While reading in news magazine Computer Sweden about all the big companies getting even bigger, and their sometimes so outdated strategies for development and business, I’m ready to agree with Brian Marick (@marick), saying that the only way being agile all the way is to start your own business. Several more people, among them Rachel Davis, said agile just won’t scale.
When companies are that big, you can make agile bubbles inside the company, networking with other agile bubbles in the company and have some changes happen. You’ll soon hit the system – HR, CEO bonuses, incitements, history, education and either you stay happy in your little agile bubble networking with your peers or you quit – and start your own business.

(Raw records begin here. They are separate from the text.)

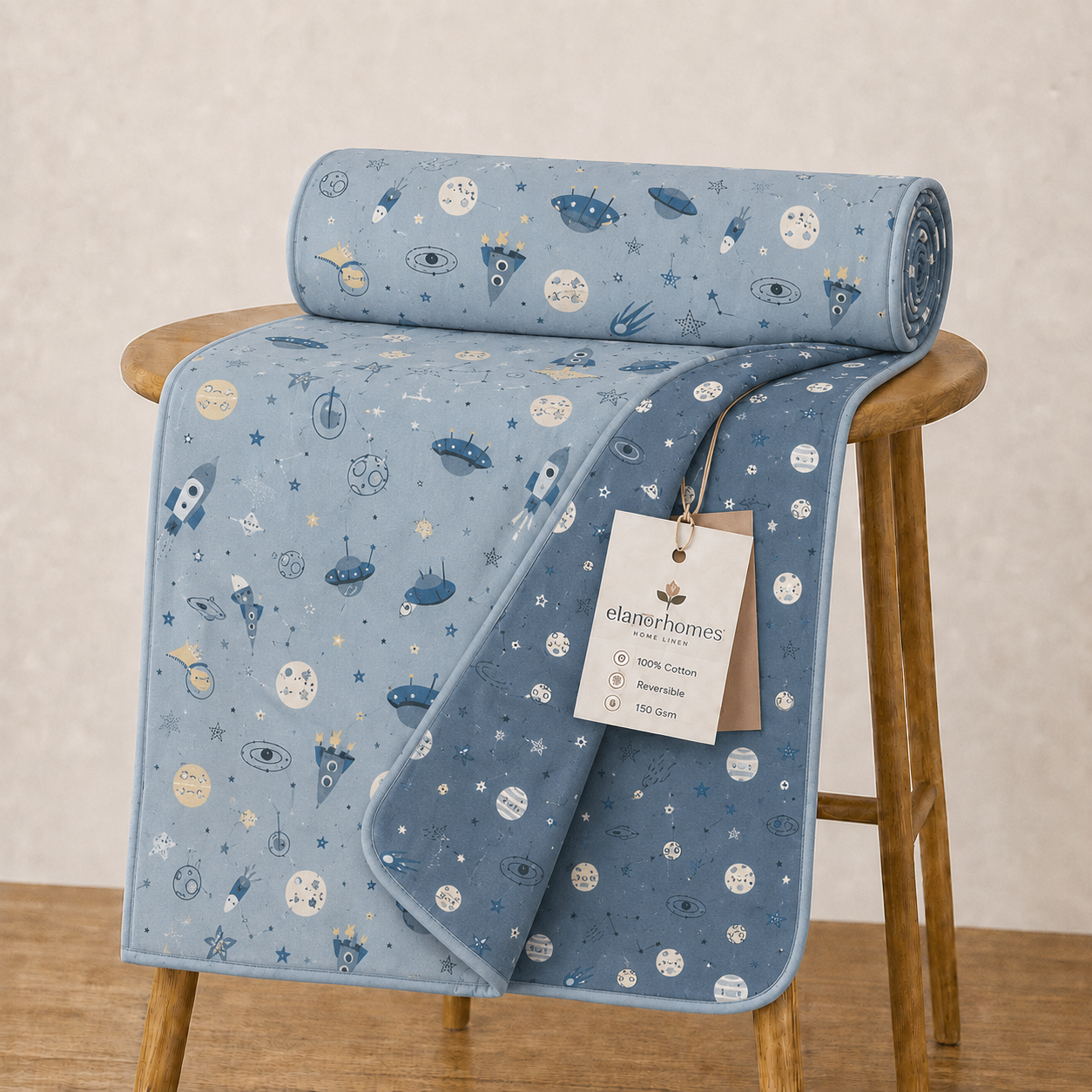 Hand Block Printed Neela Antariksh Cotton Dohar | 60x90 Lightweight Quilt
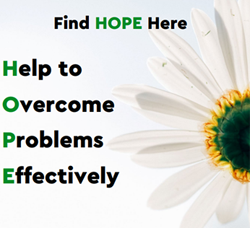 Graphic containing text - Find HOPE here.  Help to overcome problems effectively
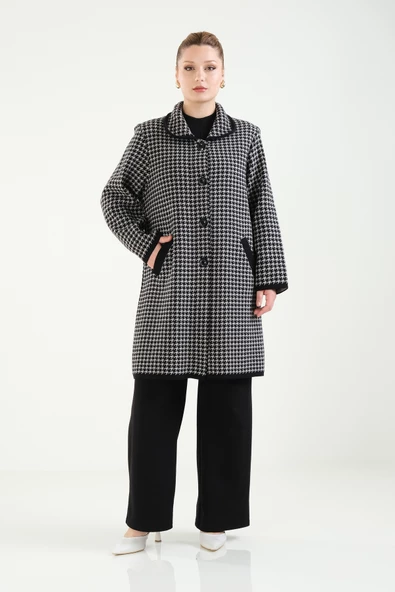 Kadın Çift Cepli Desenli Anne Hırkası Bej - Resim 5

I still believe though you can make things happen with the mindset of the people around you in big business. I like being part of creating these agile bubbles all around, to see creative minds waken up from traditions, to dare to question ”the ways things always been around here”. That’s agile for me. Maybe you can’t turn an oil tanker around by doing Scrum, but you and your closest peers will learn a lot and have a lot more fun on the way and hopefully adding a bit more business value than usual.
Agile is a learning machine! (Chris Matts quote I think, not good at remembering who said what)
Dave Snowden (@snowded) warned us agile bubble-creators that we’re in a danger zone of change and impact right now. It’s easy to get eaten by the old system when we hit the system right. So, he’s advice is you have to stop selling agile and start talking about it in other words! Now!
And that’s what Bjarne Bogsnes (Statoil) have been doing for a long time with the Beyond Budgeting movement, inspired and maybe strengthened by the spreading of agile thinking. I bring some of his words in my backpack. ”Event driven planning” in stead of ”Calendar driven planning” might speak to business people around there. And the metaphor: Having yearly budgets is like I had only 4 weeks a year where I could ask my bank for money. If it turns out the money is not enough the years consume and investments, I have to wait until next years ”open time” til I can get more money out from the bank, no matter what happens. And I have to spend a wasteful amount of time trying to foresee what will happen the coming year.
Dave Snowden also gave us another warning and important insight – it’s easy to get idealistic, to in the systems thinking way believe you can edit the process and then expect a certain outcome. That sounds like Lean thinking in my head. Make changes in the process and you should expect a certain outcome. Lean Software Development (and Lean in general) could probably add some complexity theories and improve to stay a relevant for the complex networks we act in, where there’s no one cause and no one effect.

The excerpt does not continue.